President Donald Trump extended by 90 days a shipping waiver that makes it easier to move oil, fuel and fertiliser around the United States, pushing back a deadline that had been set to expire in three weeks. The White House said Friday the move was meant to give the maritime industry more time to make sure enough vessels were available.
White House spokeswoman Taylor Rogers said the extension offered “certainty and stability for the US and global economies,” and the administration framed the decision as part of a broader push to curb rising energy costs tied to the war with Iran. The waiver had first been announced in March for 60 days.
The change matters because the Jones Act, passed in 1920, requires goods moved between US ports to travel on US-flagged vessels. That rule has long divided Washington. Supporters say it protects a domestic shipping industry and merchant marine that can support military logistics and national security. Critics say it raises costs and constrains capacity when supply chains are tight.
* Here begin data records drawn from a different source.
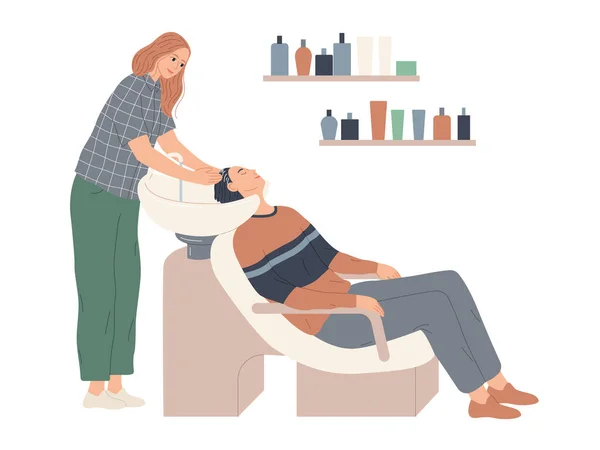 Le coiffeur lave les cheveux de son client en préparation de la coupe de cheveux — Image vectorielle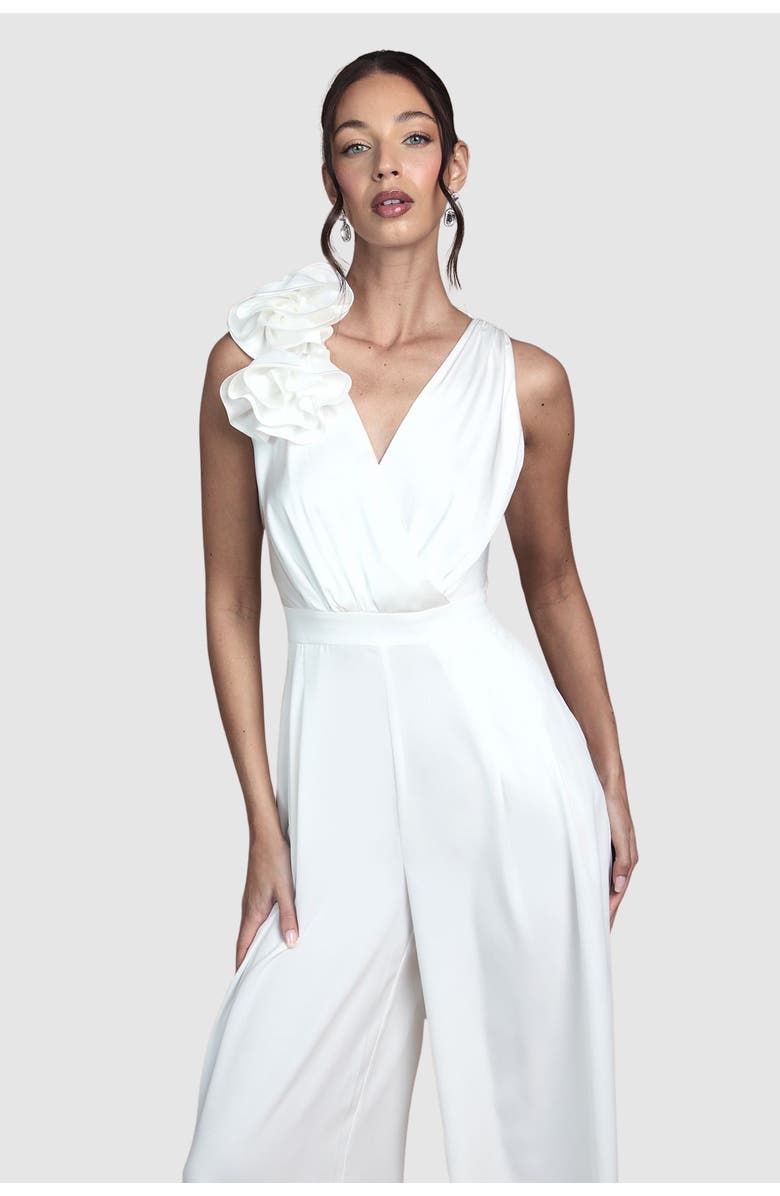Coast Corsage Cowl Back Bridal Jumpsuit, Alternate, color, Ivory
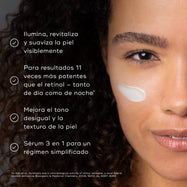 El rostro de una mujer aparece con una pequeña cantidad de crema blanca en la mejilla. Cuatro viñetas con marcas de verificación enumeran los beneficios: ilumina, revitaliza y suaviza visiblemente la piel; ofrece resultados 8 veces más potentes que el retinol* — tanto de día como de noche; mejora el tono y la textura desiguales de la piel; y es un sérum 3 en 1 para una rutina simplificada.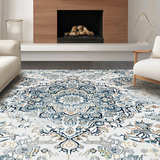 Ultra Soft Area Rug, Non Slip, Stain Resistant, Washable Area Rugs for Living Room, Bedroom, Vintage Floral Grey Aesthetic(White)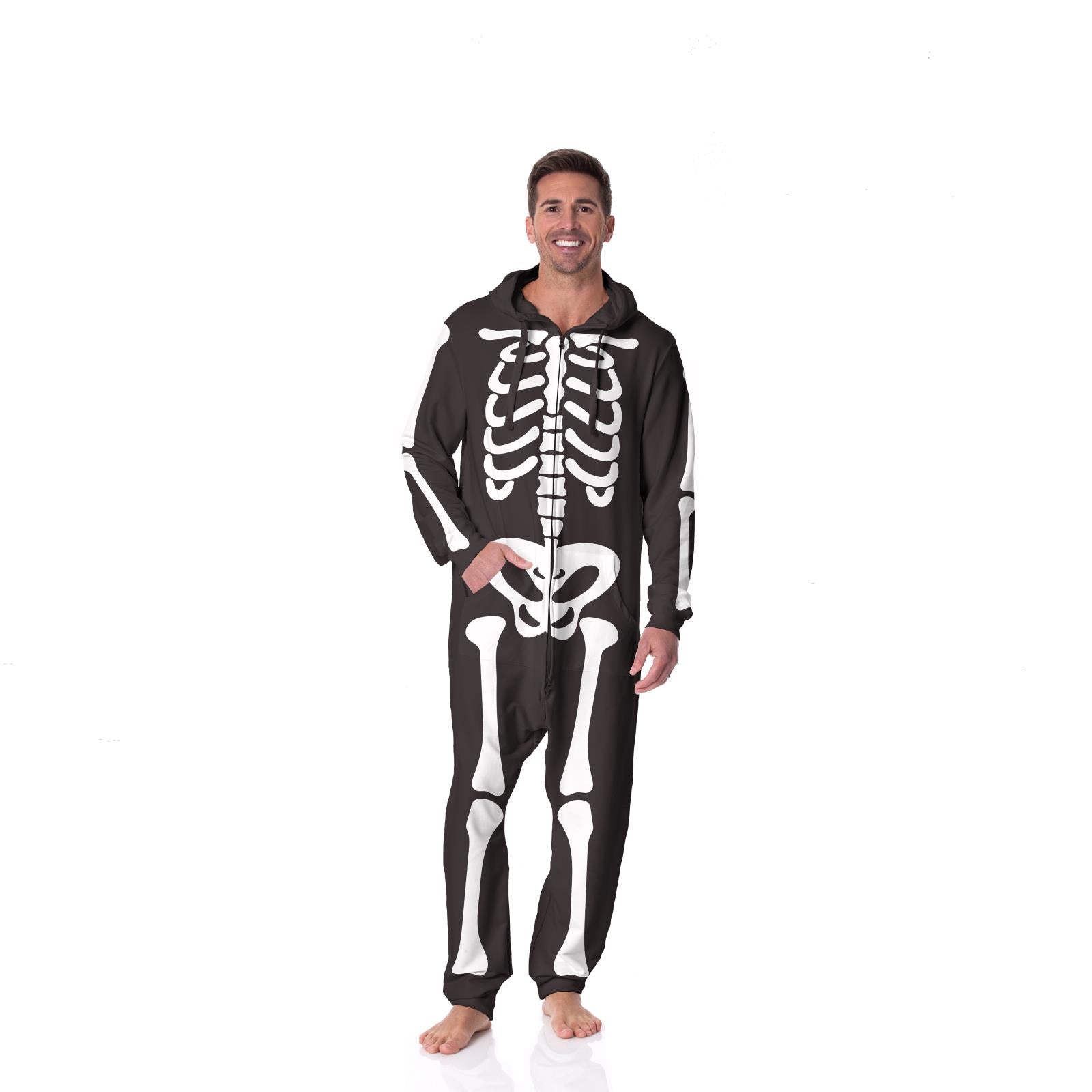 Adult Graphic Fleece Jumpsuit with Hood in Midnight Skeleton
That clash is especially sharp now. The White House move came as fuel prices have become politically sensitive ahead of November’s midterm elections, and the administration is trying to ease pressure without fully reopening the fight over the law itself. A White House official said the extension was meant to allow ample time for the maritime industry to ensure sufficient vessels were available.
Jennifer Carpenter, who responded for the shipping industry, called the move “an affront to hundreds of thousands of hardworking Americans” and said it undercut Trump’s bid to restore American maritime dominance. Her criticism goes to the heart of the fight over the jones act: whether the country should prioritize lower short-term shipping costs or the domestic fleet the law was designed to preserve.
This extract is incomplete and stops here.